Re: Good idea to do multi-threading in spark job?
Thanks for the answer Sean! On Sun, May 3, 2020 at 10:35 AM Sean Owen wrote: > Spark will by default assume each task needs 1 CPU. On an executor > with 16 cores and 16 slots, you'd schedule 16 tasks. If each is using > 4 cores, then 64 threads are trying to run. If you're CPU-bound, that > could slow things down. But to the extent some of tasks take some time > blocking on I/O, it could increase overall utilization. You shouldn't > have to worry about Spark there, but, you do have to consider that N > tasks, each with its own concurrency, maybe executing your code in one > JVM, and whatever synchronization that implies. > > On Sun, May 3, 2020 at 11:32 AM Ruijing Li wrote: > > > > Hi all, > > > > We have a spark job (spark 2.4.4, hadoop 2.7, scala 2.11.12) where we > use semaphores / parallel collections within our spark job. We definitely > notice a huge speedup in our job from doing this, but were wondering if > this could cause any unintended side effects?

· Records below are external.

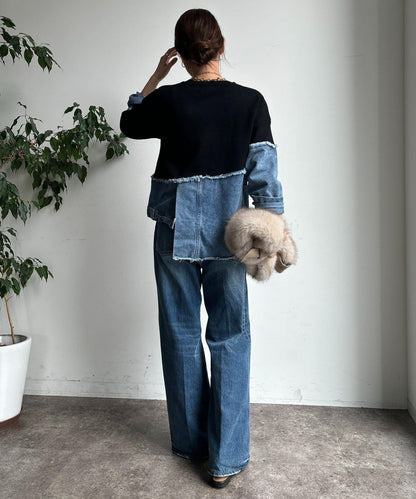 牛仔拼接針織套頭衫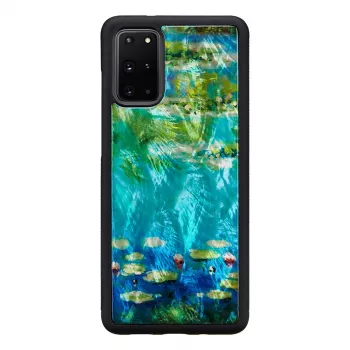 Phone case iKins for Samsung Galaxy S20+ — black water lilies design
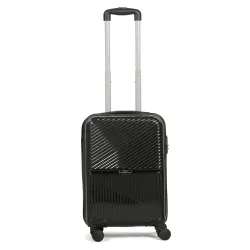 Teakwood Small Size 8 Wheels Trolley Bag, Hard Cabin with Zipper Closure, Adjustable Push Button & Cross Side Strap, Number Lock System 360 Degree (Small, Black)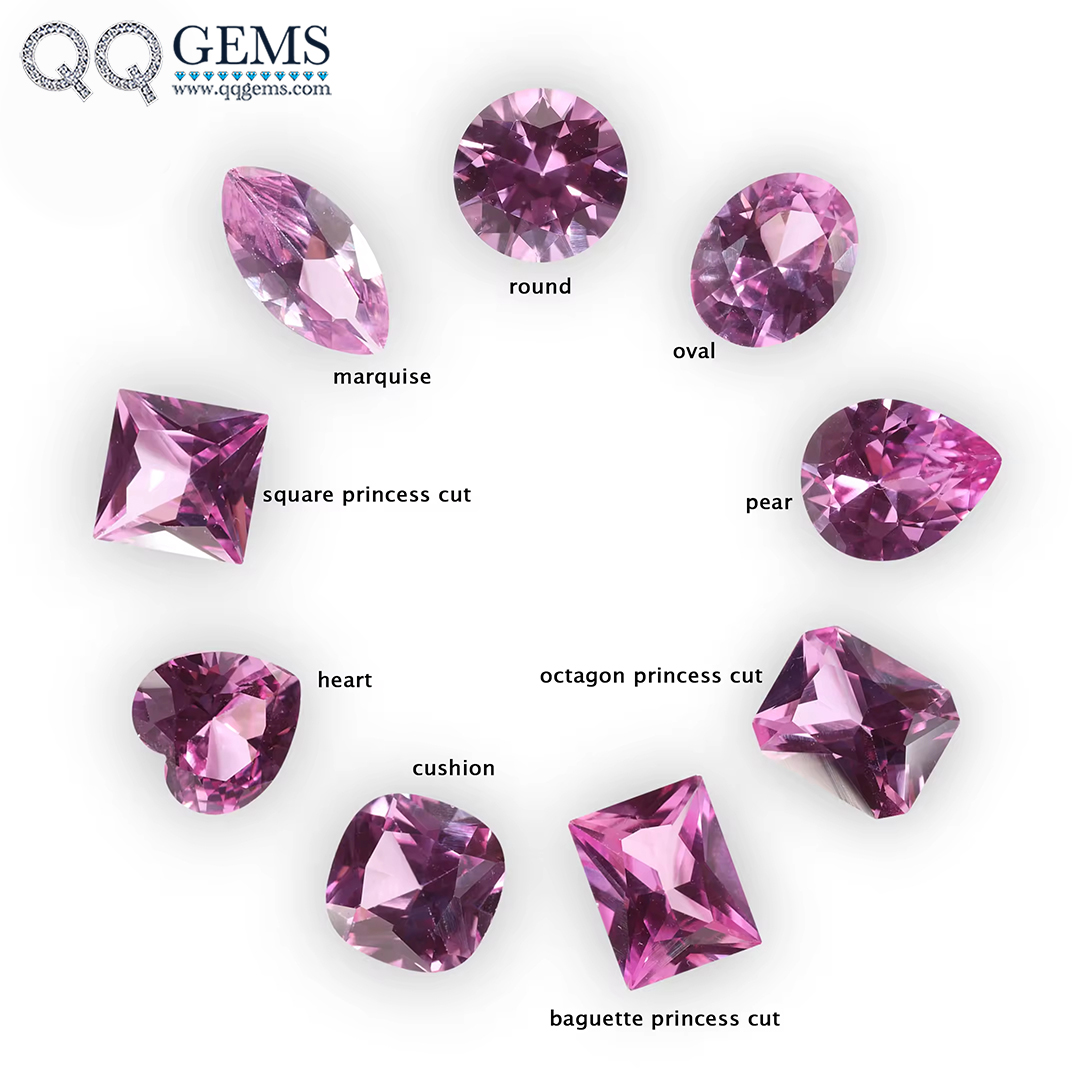 Round/oval/pear/heart/cushion/octagon Cut 2# pink Ruby Corundum Gemstones Fancy Cut Synthetic 2# pink Sapphire Corundum Stones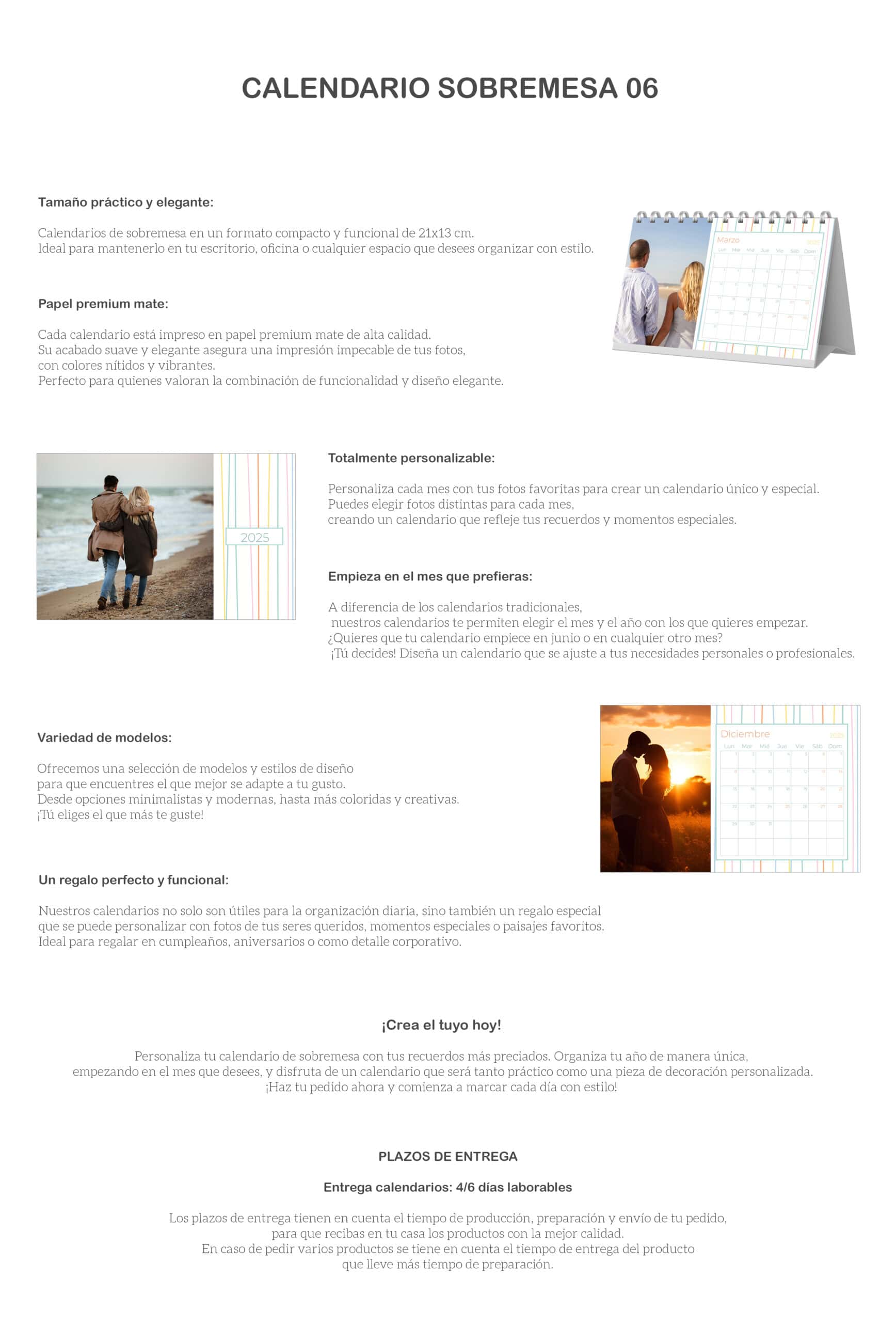 1. calendario de sobremesa personalizable con fotos y diseño elegante para oficina o hogar.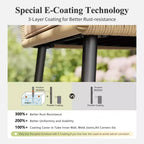 Captiva Designs 5pc Patio Dining Table with X-Shaped Legs & Woven Pull Cord Back with Seat Cushion
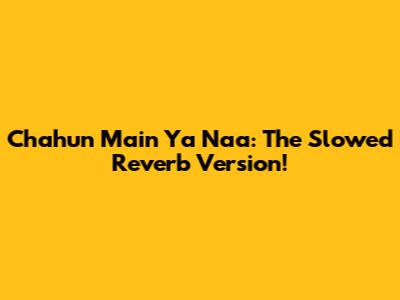 Chahun Main Ya Naa: The Slowed Reverb Version!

Particularly I’m worried > about any deadlocks and if it could mess with the fixes for issues such as > this > > https://issues.apache.org/jira/plugins/servlet/mobile#issue/SPARK-26961 > > > > We do run with multiple cores. > > > > Thanks! > > -- > > Cheers, > > Ruijing Li > -- Cheers, Ruijing Li
Re: Good idea to do multi-threading in spark job?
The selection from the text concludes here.